───── TASK MATERIAL

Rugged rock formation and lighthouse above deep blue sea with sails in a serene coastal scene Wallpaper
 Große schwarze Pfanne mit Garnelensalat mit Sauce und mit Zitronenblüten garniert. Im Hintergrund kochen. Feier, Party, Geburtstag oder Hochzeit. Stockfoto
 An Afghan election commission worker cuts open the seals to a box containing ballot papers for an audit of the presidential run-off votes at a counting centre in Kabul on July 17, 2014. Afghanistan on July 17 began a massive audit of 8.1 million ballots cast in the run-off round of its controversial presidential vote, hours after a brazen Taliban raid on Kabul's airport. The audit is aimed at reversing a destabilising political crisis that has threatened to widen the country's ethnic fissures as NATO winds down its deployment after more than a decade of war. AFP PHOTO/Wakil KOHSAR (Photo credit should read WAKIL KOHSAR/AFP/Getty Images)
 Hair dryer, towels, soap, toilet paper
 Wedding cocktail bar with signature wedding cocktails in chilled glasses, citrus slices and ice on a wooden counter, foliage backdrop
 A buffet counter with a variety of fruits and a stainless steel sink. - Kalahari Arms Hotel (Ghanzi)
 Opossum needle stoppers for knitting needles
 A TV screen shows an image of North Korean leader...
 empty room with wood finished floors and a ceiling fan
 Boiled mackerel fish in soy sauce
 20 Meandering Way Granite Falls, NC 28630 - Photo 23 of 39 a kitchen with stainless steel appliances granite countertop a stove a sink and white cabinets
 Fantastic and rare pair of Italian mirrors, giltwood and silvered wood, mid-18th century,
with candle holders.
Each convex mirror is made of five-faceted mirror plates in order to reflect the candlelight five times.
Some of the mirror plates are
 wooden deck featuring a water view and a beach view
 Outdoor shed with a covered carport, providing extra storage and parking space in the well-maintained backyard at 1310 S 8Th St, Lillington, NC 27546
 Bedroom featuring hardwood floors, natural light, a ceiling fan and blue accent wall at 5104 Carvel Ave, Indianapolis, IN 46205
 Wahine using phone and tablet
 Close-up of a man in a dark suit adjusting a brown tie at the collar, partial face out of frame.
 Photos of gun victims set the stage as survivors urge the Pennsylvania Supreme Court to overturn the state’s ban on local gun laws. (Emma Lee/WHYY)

──────────

### GOAL OF THE EXERCISE
Write down exactly every line of the material above up to and including the line containing "Wedding cocktail bar".

### EXERCISE RESPONSE
Rugged rock formation and lighthouse above deep blue sea with sails in a serene coastal scene Wallpaper
 Große schwarze Pfanne mit Garnelensalat mit Sauce und mit Zitronenblüten garniert. Im Hintergrund kochen. Feier, Party, Geburtstag oder Hochzeit. Stockfoto
 An Afghan election commission worker cuts open the seals to a box containing ballot papers for an audit of the presidential run-off votes at a counting centre in Kabul on July 17, 2014. Afghanistan on July 17 began a massive audit of 8.1 million ballots cast in the run-off round of its controversial presidential vote, hours after a brazen Taliban raid on Kabul's airport. The audit is aimed at reversing a destabilising political crisis that has threatened to widen the country's ethnic fissures as NATO winds down its deployment after more than a decade of war. AFP PHOTO/Wakil KOHSAR (Photo credit should read WAKIL KOHSAR/AFP/Getty Images)
 Hair dryer, towels, soap, toilet paper
 Wedding cocktail bar with signature wedding cocktails in chilled glasses, citrus slices and ice on a wooden counter, foliage backdrop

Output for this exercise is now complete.